When I first started practicing, the West was undergoing a kind of cult-like yoga madness. Major gurus stood onstage nearly naked in front of thousands of followers; huge schools of thought and practice made millions. Yoga festivals such as Wanderlust abounded, as thousands of fancy people rocked and swayed to the terrible music and lyrics of MC Yogi and Michael Franti of Spearhead, grinding hard on their mats all day and smoking weed all night.
But now many of those gurus are either dead, resigned to obscurity, or, in the case of Bikram Choudhury, gone to Mexico under fear of federal sexual-assault charges.
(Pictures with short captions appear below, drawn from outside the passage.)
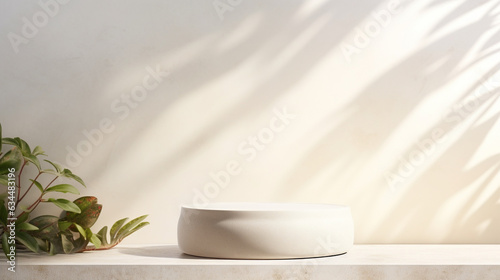Blank Cream White Cement Curve Counter Podium With Texture, Soft Beautiful Dappled Sunlight, Leaf Shadow on White Wall for Luxury Organic Cosmetic, Skincare, Beauty Treatment Product Background 3D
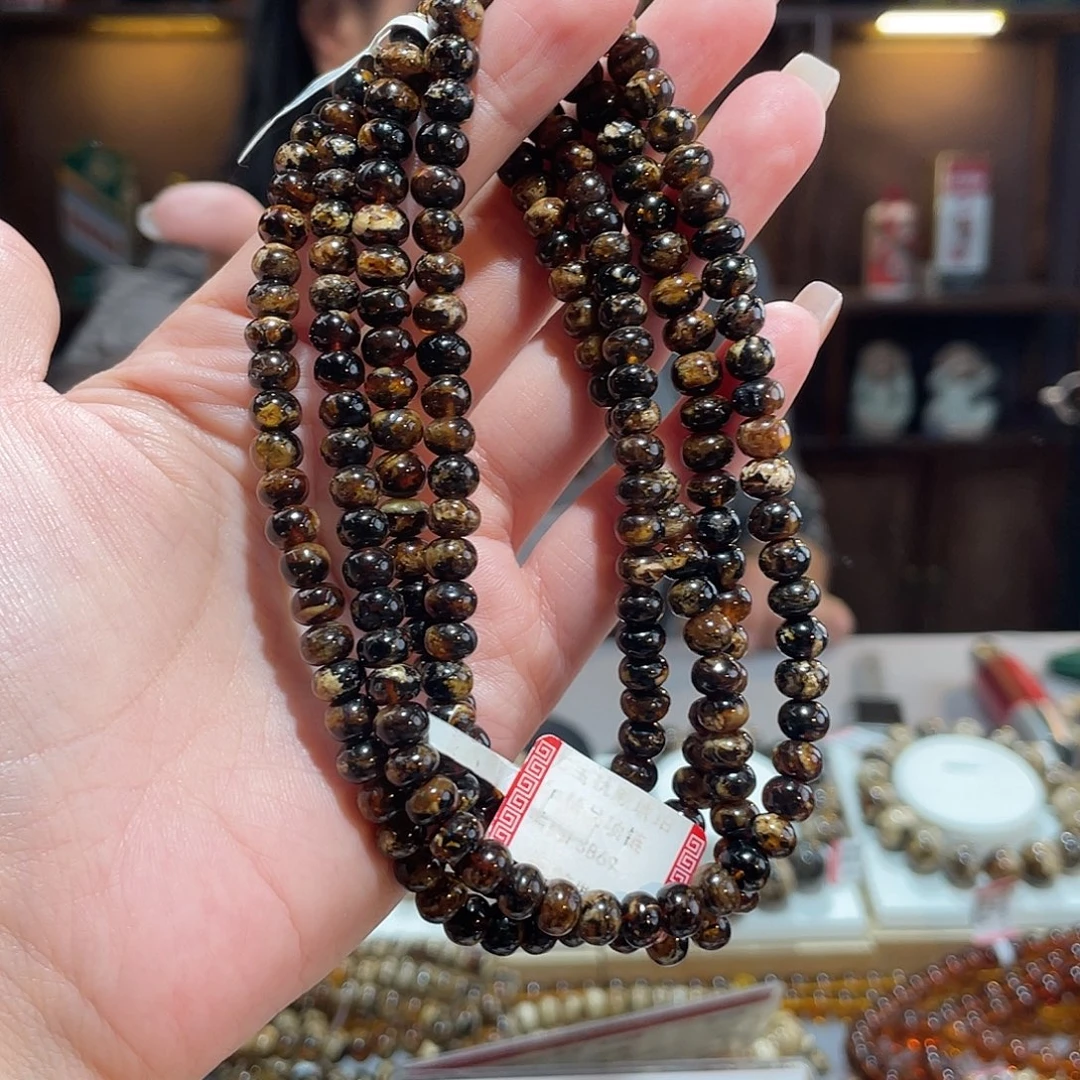 琥珀未镶嵌颈饰6m黑花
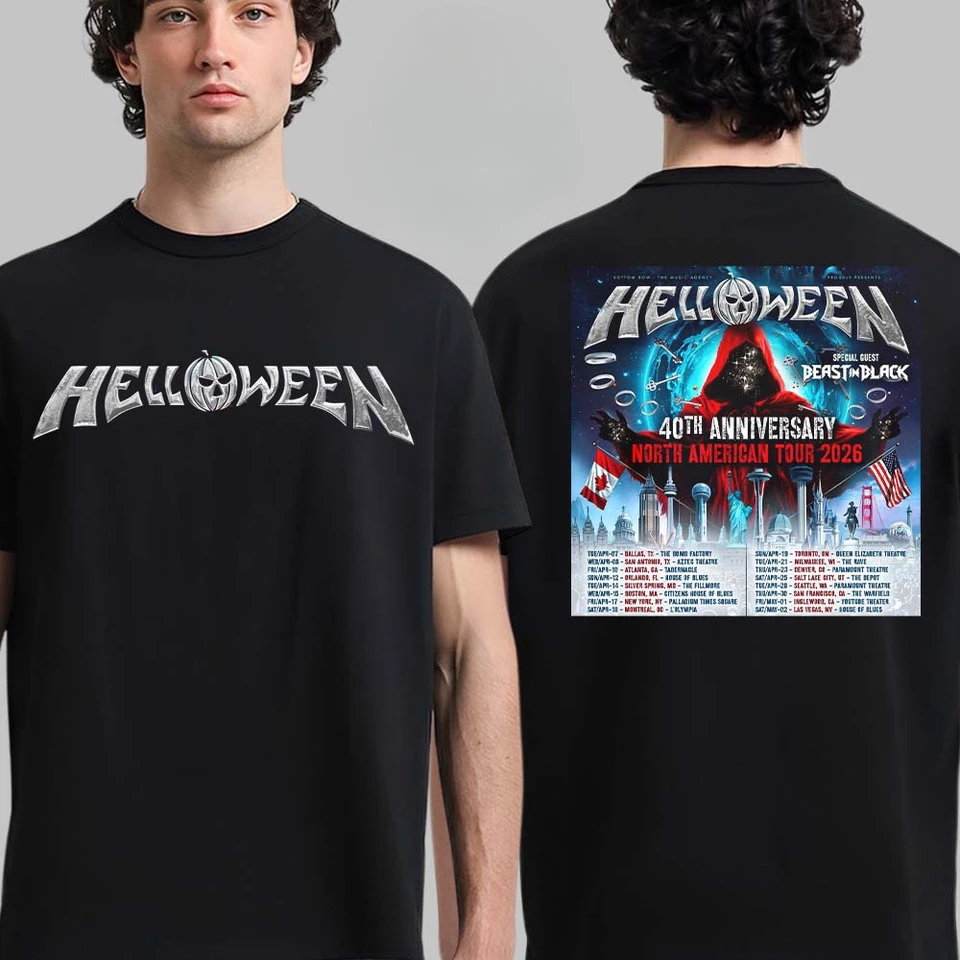 Helloween Cotton Band Shirt Unisex Summer Short Sleeve Fashion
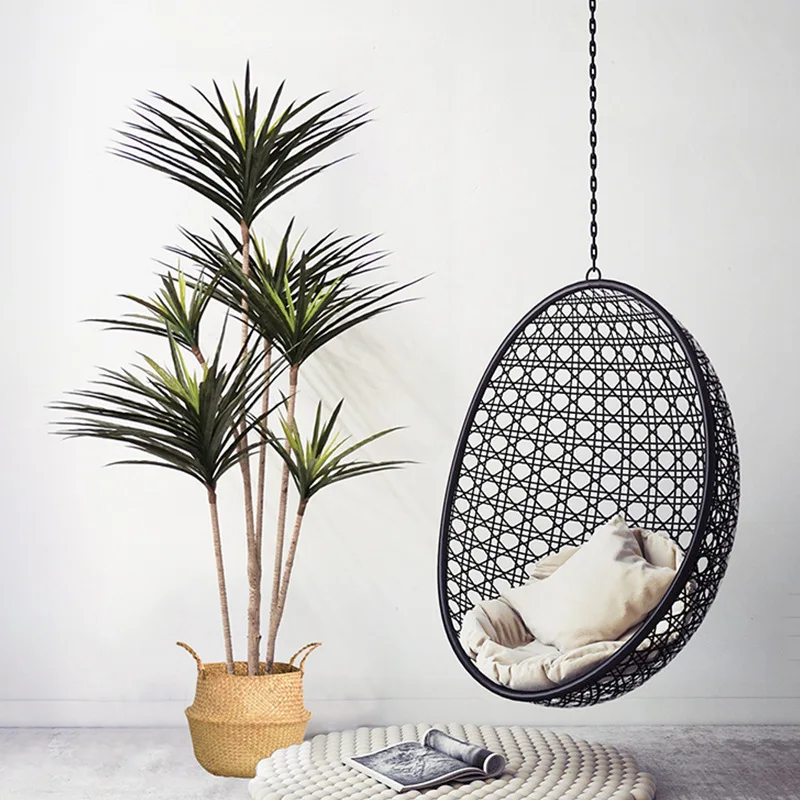 대형 인공 Dracaena 식물 열대 화분에 심은 나무, 가짜 플라스틱 손바닥 잎 사이카 식물, 가정 정원 실내 장식, 90-120cm 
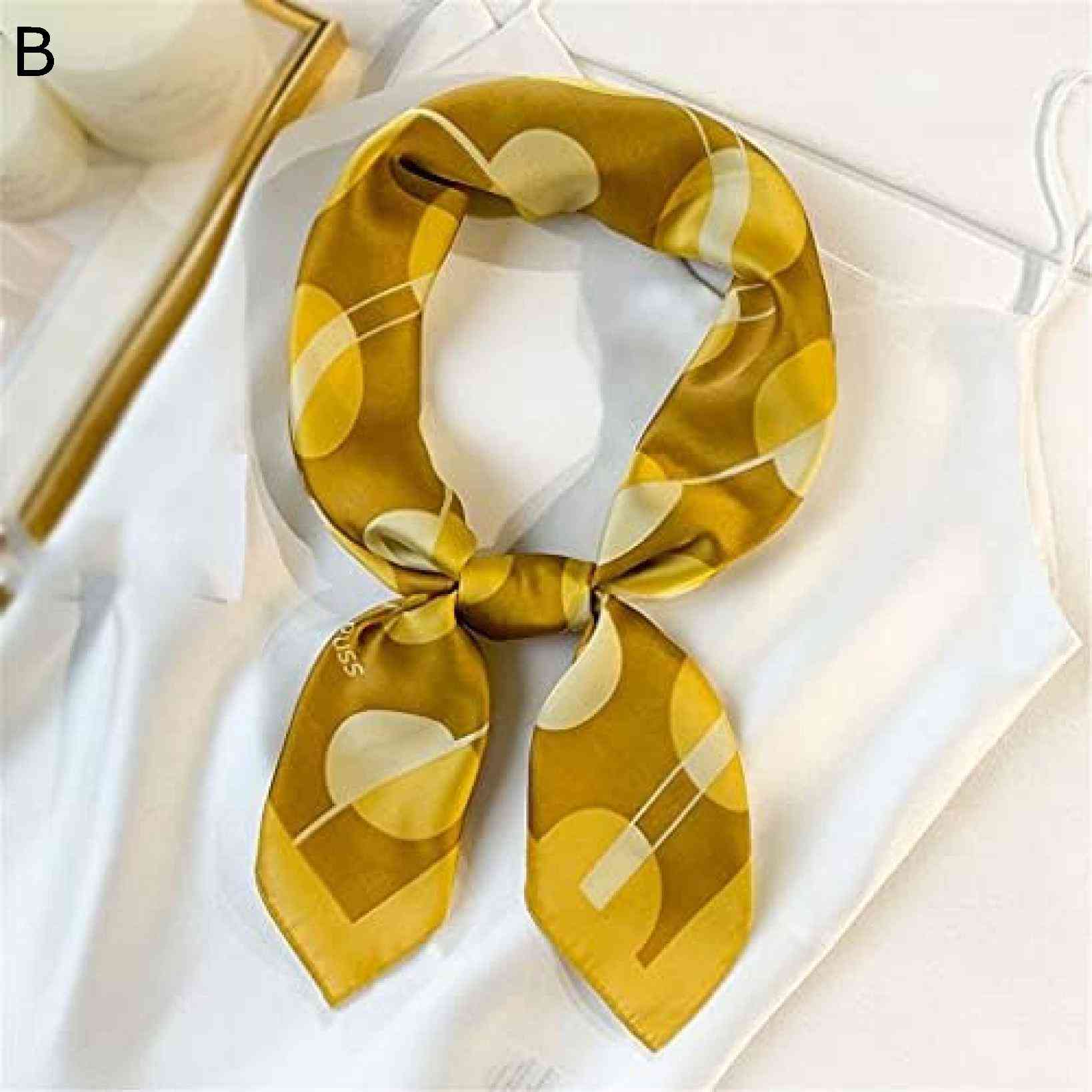 【20%OFFクーポン～】四角いスカーフヘアタイプリントサテンスカーフヘッドスカーフ女性のための小さなロングストリップスカーフ (Color : B, Size : 70*70CM)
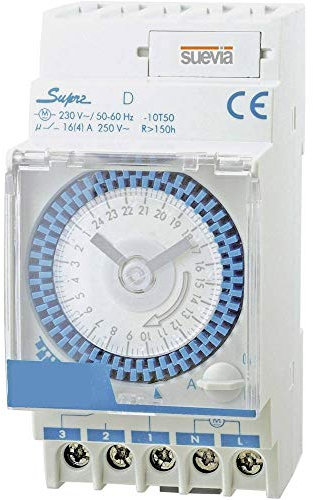 Suevia Zeitschaltuhr fuer Hutschiene Betriebsspannung: 230 V/AC Supra D 1 Wechsler 16A 250 V/AC Tage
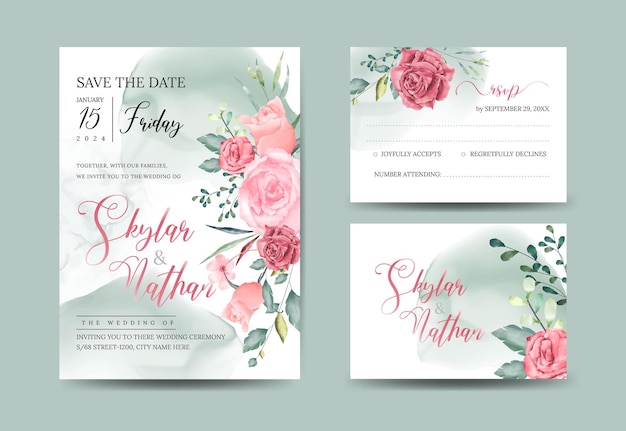 Conjunto de plantillas de invitación de boda rosa polvorienta verde exótico elegante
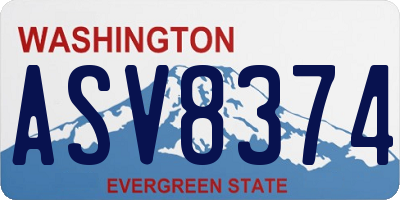 WA license plate ASV8374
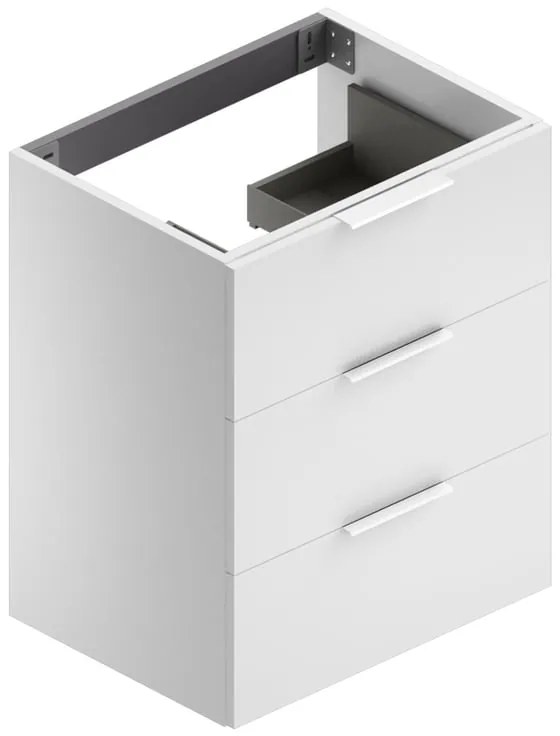 Mobile da bagno sospeso sotto lavabo L 60 x H 72 x P 45 cm bianco laccato opaco, 3 cassetti SENSEA Jnka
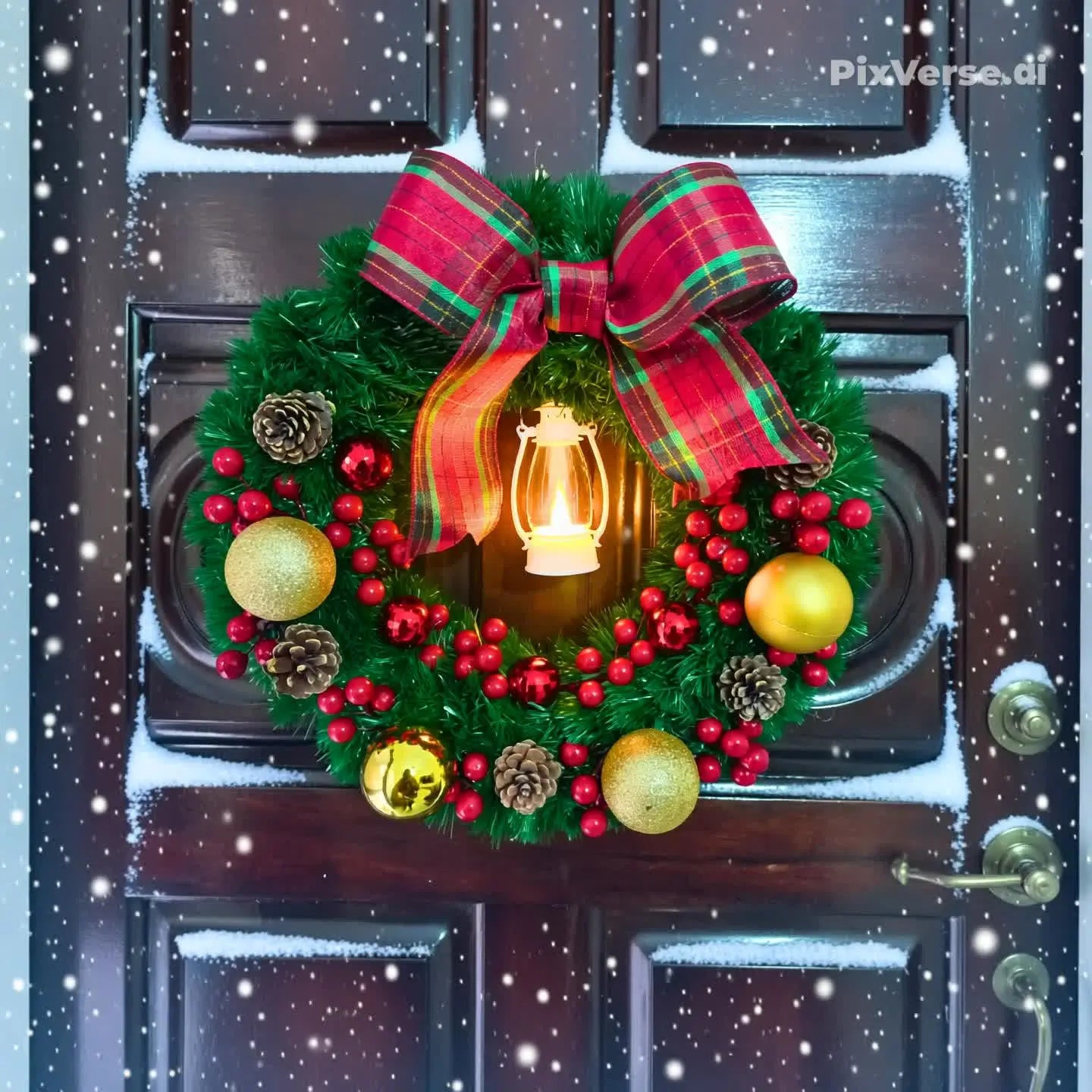 Guirlanda de Natal Rústica com Laço Decorativo – Decoração Aconchegante e Elegante para Portas e Paredes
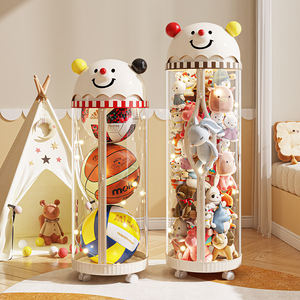 Simpatici cartoni animati trasparente organizzatore di stoccaggio di bambole di <span class=keywords><strong>peluche</strong></span> per bambini scatola di immagazzinaggio cesti cilindrici di plastica per riporre i giocattoli - Product Image 6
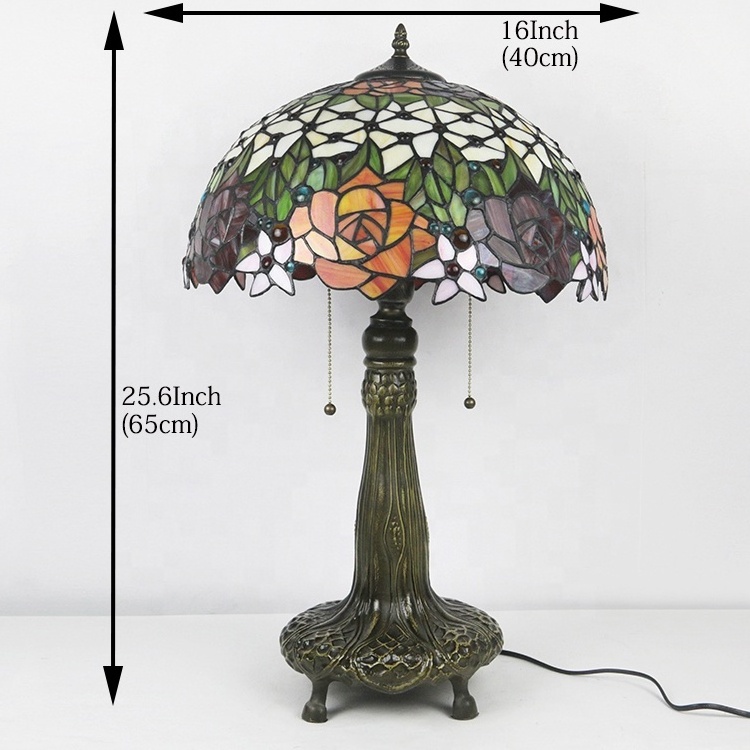 LongHuiJing Tiffany Lamp Stained Glass Coffee Table Desk Beside Lamp 25.6Inch Tall Crystal Bead Red Rose Shade 2 Light Antique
Though lots of people still practice Ashtanga, Iyengar, Bikram-style or kundalini, they often have no idea of the baroque lives or sagas of the people who founded their practices. They don’t know or care, nor should they. It has nothing to do with their practice, or mine. For me, yoga is now a personal affair.
Twenty years of yoga hasn’t kept me from experiencing marital problems, or drug addiction. It certainly didn’t stop my parents from dying and the accompanying wave of grief, or struggles in raising my own child, or various physical injuries, many of which actually came from doing yoga improperly. The news is a constant stream of war and various political and cultural derangements. Just because I can stand on my head for five minutes in the middle of the room doesn’t mean I don’t experience financial problems or massive career setbacks.
Still, any time I want to, I can unroll my mat and deploy time-honored methods to slow down my breathing, calm my mind — and stretch, strengthen and relax my aching muscles and joints. When I’m done, I can go about the rest of my day, even enjoy it, with relative ease. Life may be a curse, but twenty years of yoga is a great blessing amid the noise. If you’re reading this and are still relatively new to your practice, I advise you to stick with it; yoga could change your life completely, or at least make it more tolerable, and you’ll almost certainly be able to touch your toes on the other side.